> [INPUT DATA]
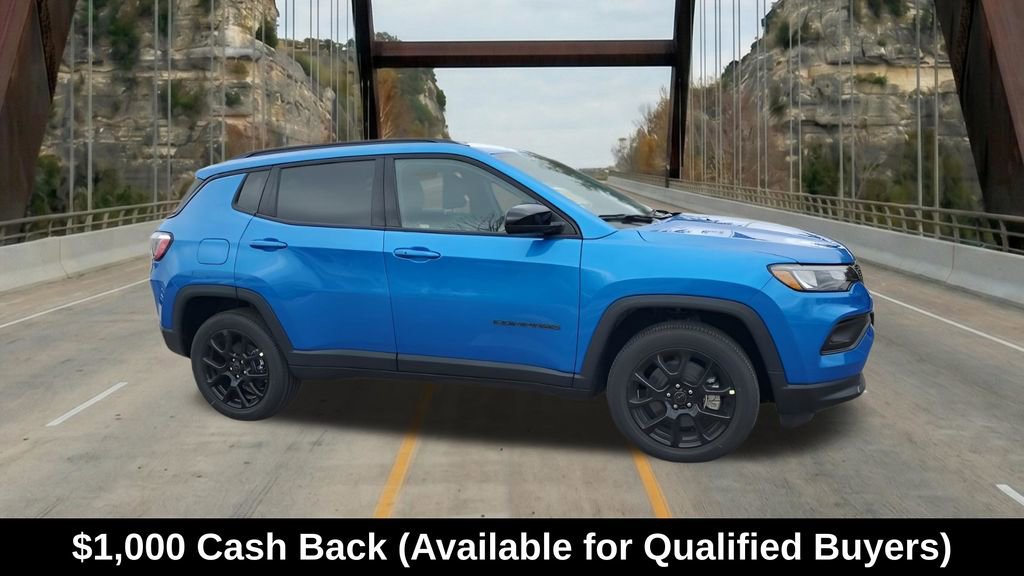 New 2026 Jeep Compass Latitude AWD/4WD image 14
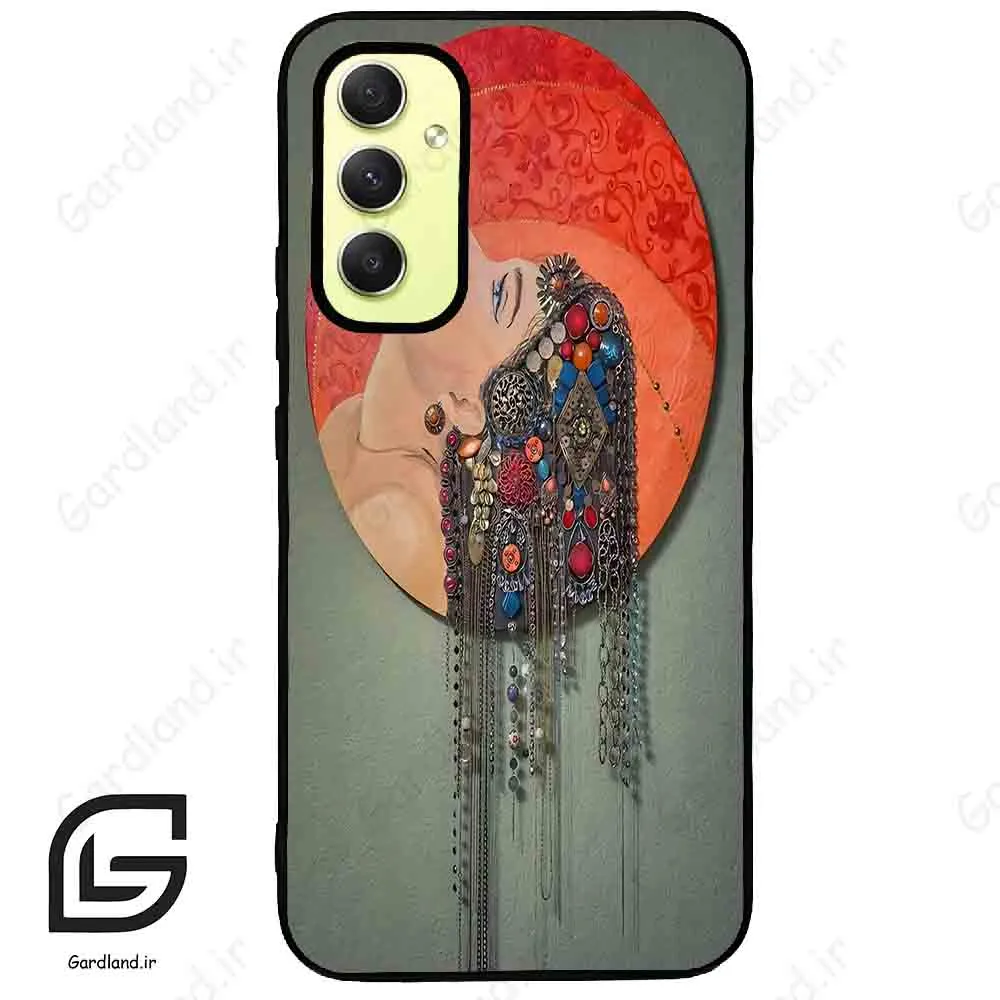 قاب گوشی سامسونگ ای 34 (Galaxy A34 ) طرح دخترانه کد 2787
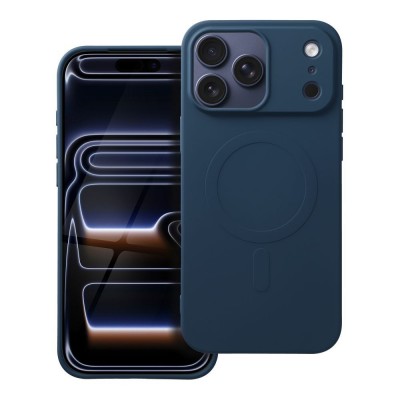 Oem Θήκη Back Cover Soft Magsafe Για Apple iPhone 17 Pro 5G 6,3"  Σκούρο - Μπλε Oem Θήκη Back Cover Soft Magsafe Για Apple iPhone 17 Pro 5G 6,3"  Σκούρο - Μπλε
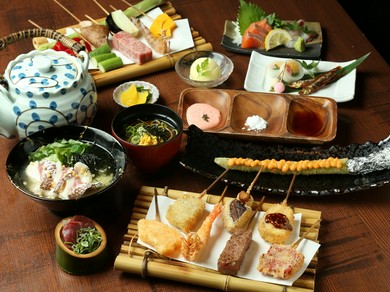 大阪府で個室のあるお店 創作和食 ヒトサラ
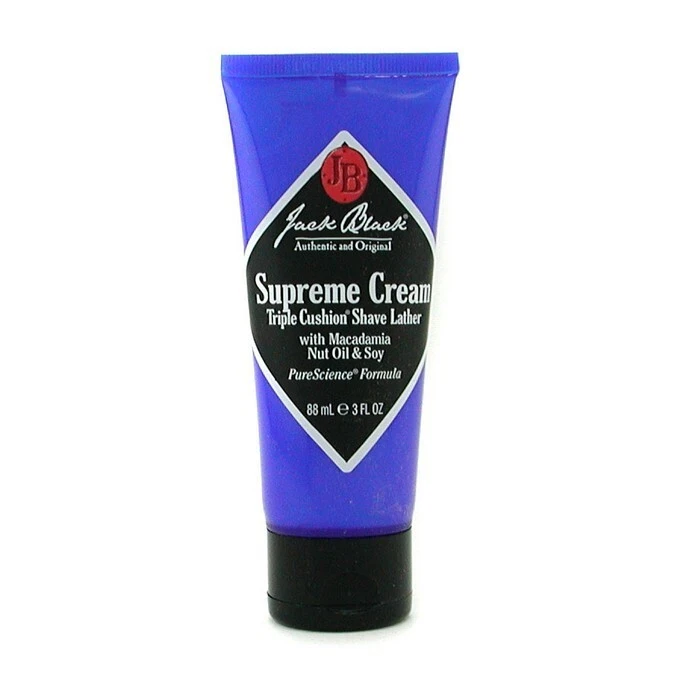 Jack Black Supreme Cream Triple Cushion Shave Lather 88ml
* * *
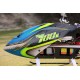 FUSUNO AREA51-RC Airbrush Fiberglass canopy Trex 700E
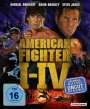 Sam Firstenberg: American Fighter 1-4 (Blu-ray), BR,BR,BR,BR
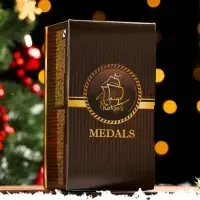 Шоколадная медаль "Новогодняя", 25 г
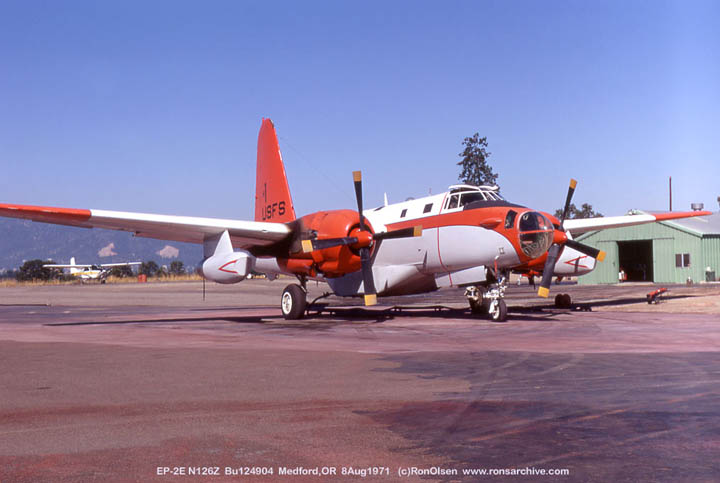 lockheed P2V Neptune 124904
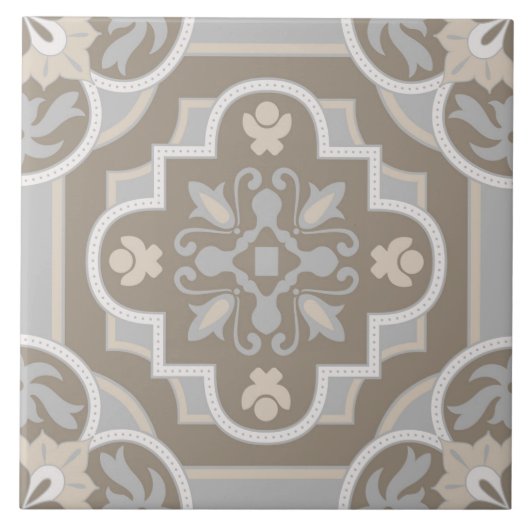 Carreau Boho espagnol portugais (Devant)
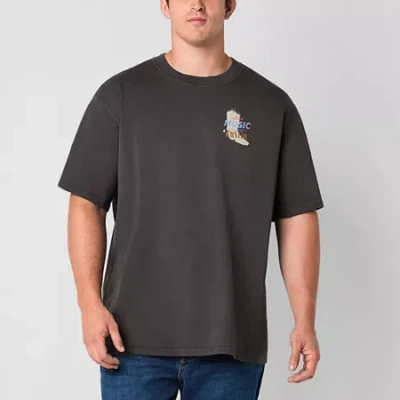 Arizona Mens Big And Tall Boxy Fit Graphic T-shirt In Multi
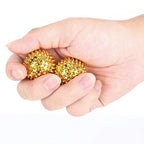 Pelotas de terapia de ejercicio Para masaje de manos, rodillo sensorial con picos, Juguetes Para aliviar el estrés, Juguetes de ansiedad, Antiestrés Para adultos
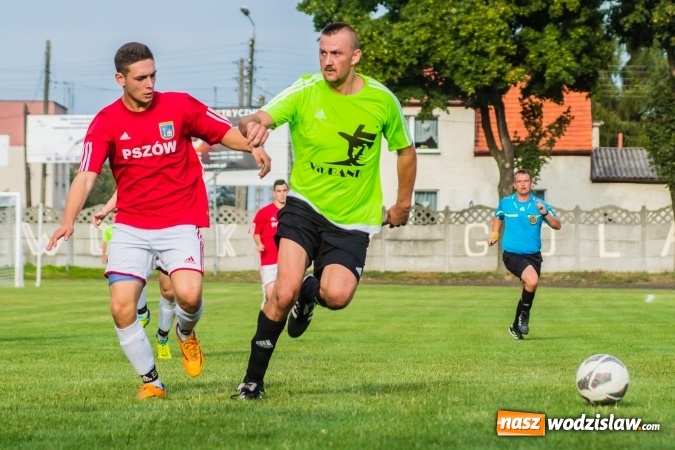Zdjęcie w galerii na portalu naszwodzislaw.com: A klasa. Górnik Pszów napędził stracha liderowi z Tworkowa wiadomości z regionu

> [EXERCISE OBJECTIVE] Go back to the lines above and output, exactly as they stand, the ones from the line containing "Pelotas de terapia" to the line containing "Zdjęcie w galerii". Leave all pictures behind.

> [TASK OUTPUT]
 Pelotas de terapia de ejercicio Para masaje de manos, rodillo sensorial con picos, Juguetes Para aliviar el estrés, Juguetes de ansiedad, Antiestrés Para adultos
Zdjęcie w galerii na portalu naszwodzislaw.com: A klasa. Górnik Pszów napędził stracha liderowi z Tworkowa wiadomości z regionu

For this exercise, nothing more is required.